Solar Charge Controller: Portable, rugged, right for the task. The charge controller’s job is to charge the battery efficiently and safely. The panel produces power at varied voltages depending on how much light it gets. The charge controller levels this off, and may use other technology like pulse wave modulation to help get the most of lower voltages. It also cuts off the charge when the battery is full. I am using a SunGuard charge controller. It is actually rated at 4.5 amps max, but my panel will output 5.2 amps maximum. So in good bright sun I just fold over the bottom of the panel. You’ll want the charge controller to be at the same temperature as your battery, so probably both of them in the shade, because charge controller’s often take temperature into consideration when setting the charge voltage. You might want to purchase the controller and panel together, so that you are certain that they are a matched set.
Voltmeter.

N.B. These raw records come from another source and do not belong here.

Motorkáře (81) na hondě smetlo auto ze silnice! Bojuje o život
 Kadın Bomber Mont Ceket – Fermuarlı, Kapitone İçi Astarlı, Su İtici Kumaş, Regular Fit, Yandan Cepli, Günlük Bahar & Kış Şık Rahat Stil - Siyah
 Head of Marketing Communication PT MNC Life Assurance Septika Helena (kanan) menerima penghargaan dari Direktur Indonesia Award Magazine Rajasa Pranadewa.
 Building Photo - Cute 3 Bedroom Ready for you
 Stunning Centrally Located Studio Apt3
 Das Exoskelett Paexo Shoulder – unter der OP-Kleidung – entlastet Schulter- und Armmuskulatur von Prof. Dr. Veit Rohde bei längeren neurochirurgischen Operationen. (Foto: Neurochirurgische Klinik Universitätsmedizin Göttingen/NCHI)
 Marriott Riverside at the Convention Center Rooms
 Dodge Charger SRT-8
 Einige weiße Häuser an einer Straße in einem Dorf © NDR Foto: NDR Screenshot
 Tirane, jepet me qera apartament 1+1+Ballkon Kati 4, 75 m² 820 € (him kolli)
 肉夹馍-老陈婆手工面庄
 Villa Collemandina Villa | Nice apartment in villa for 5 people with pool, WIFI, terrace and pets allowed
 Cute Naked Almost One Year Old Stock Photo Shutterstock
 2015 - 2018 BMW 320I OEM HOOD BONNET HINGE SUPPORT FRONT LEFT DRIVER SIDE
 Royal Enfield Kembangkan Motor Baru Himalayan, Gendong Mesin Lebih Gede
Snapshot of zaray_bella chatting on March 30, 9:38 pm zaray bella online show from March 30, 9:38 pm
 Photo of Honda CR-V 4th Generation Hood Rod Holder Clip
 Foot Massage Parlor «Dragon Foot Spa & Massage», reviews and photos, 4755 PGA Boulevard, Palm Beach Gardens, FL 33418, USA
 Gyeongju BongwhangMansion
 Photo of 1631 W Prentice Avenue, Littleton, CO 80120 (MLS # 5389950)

Pretty much any voltmeter will do, but you do need to know how to use it to read voltage. As a battery gets full it’s voltage reads higher. Charge your battery on a normal charger at home until it is full, then check the voltage. During your solar charging, stop when you get near but not over this voltage. As you run the battery down, check the voltage change to see where it falls. This will let you predict how much charge you have left. I find that there comes a time when the battery has some charge left, but the CPAP machine can’t get enough amperage to get started running. If it were already running it might continue, but it seems it needs more initially.
Put it all together. Before you head out with your kit, sleep with it at home. Track how long you use it, and record the voltage before and after each use. You’ll want to see how many nights you get from a single charge. Hopefully you can avoid field recharging on all but the longest expeditions.
When you get to camp, If you are just using batteries, it is pretty straightforward. Plug things together and get some sleep. If the air is humid, you may get some condensation in the tube. You want to keep this away from the CPAP machine. So put something handy under the machine to raise it up a bit, this way the moisture will stay in the tube. When you get up, unhook the tube and get rid of any liquid water in the tube.
If you need to charge batteries with solar you are going to want to put some time into your schedule to hang out around camp and keep the panel pointed at the sun. I used a couple of tent poles to make a free standing frame, but if it gets windy it won’t stay put. I’ve draped the panel over my pack in the canoe or raft while on flat water, I put the battery and charge controller in a dry bag and seal it up with the cord coming out, not a perfect seal but keeps splashing from being a problem. Lithium batteries are okay being recharged when not entirely discharged, so take any opportunity to fill it up, and don’t worry if you don’t get to a full charge. Just use the info you have collected from home use and the voltmeter to ensure that you are ahead on charge.
So, don’t let the CPAP keep you home. Be safe and don’t go without good sleep. If you have this kind of kit handy, keep it around for power outages and in case something goes wrong with the primary power in your travel unit. Have fun!